So the Haskell's not actually fully parsing the data, it's returning a lazy value that will do some of the work later? It's a perfectly good approach, but it means the performance comparison isn't really fair - the Haskell approach would slow down the rest of your program if you were actually using the value you parsed.
Comparing the line count between a program that uses a library and one that parses by hand is also somewhat unfair.
He is only parsing the headers in the final Haskell version, and skipping the body. In the C++ version, he also seems to check the MD5 and/or SHA1 hash (if a hash of the body available and OpenSSL with SHA1/MD5 support is available).
So, it's not exactly clear to me if the C++ and the Haskell version are still doing the same thing. Also, in the C++ version he is parsing stuff by hand, it will probably a lot faster when using a proper lexer (you usually can't beat an optimized finite state machine ;)) and parser.
Unfortunately, the emphasis on performance distracts from the main point: parsers written with attoparsec or parsec are usually understandable, type-safe, and pretty, while offering performance near to that of a C/C++ version.
In other words, if you have enough time, you can probably come up with a C or C++ parser that is as fast or faster than a Haskell-based parser (assuming some overhead of boxing/unboxing, garbage collection, more difficult optimization, ...), but would you care if the Haskell implementation had 80% of the performance and was far more maintainable?
Saying the comparison is unfair because the Haskell solution is lazy makes about as much sense as claiming a comparison between a C and C++ implementation is unfair because the C++ one uses objects.
The point of such a comparison is not to provide a accurate language benchmark by comparing algorithmically identical implementations but to compare the most obvious implementations in those languages that solve a specific problem.
Personally I think the Haskell result would still be impressive at twice the speed of the C++ solution simply due to the LOC used and the time in which it was implemented.
>The point of such a comparison is not to provide a accurate language benchmark by comparing algorithmically identical implementations but to compare the most obvious implementations in those languages that solve a specific problem.
Right, but "parse this text file and then throw the result on the floor" isn't a real problem.
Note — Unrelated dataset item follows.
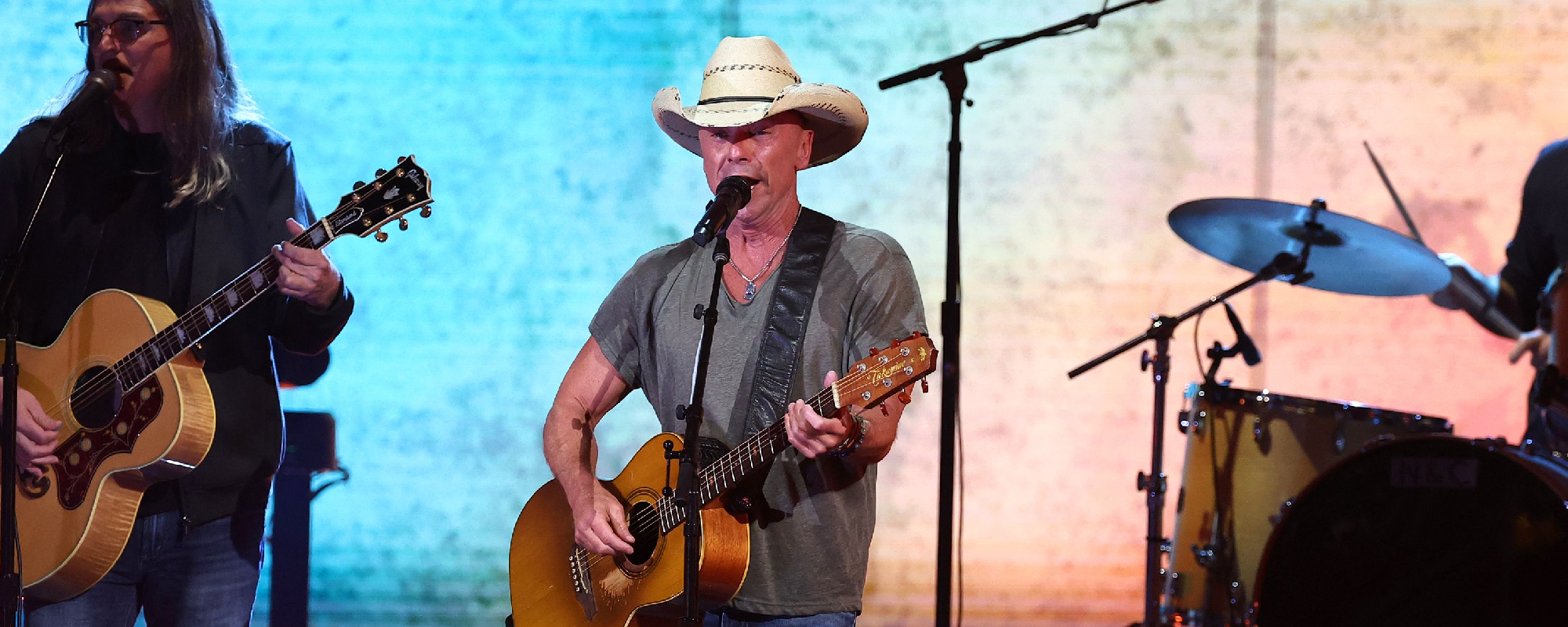 Watch Kenny Chesney Perform "When the Sun Goes Down" With Uncle Kracker at Las Vegas Sphere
The haskell version is deferring some of the work to when the object's actually used - but if you wanted to use that parser in a real program, you'd have to do that work. It's like those webserver benchmarks that you can do much better on by making the server print "HTTP" before it's done any processing.
This seems to be a common problem when benchmarking haskell. You absolutely have to use a program that outputs the real-world result you want, otherwise the clever compiler with its lazy semantics will optimize away all the work.
Comparing the line count between a program that uses a library and one that parses by hand is also somewhat unfair.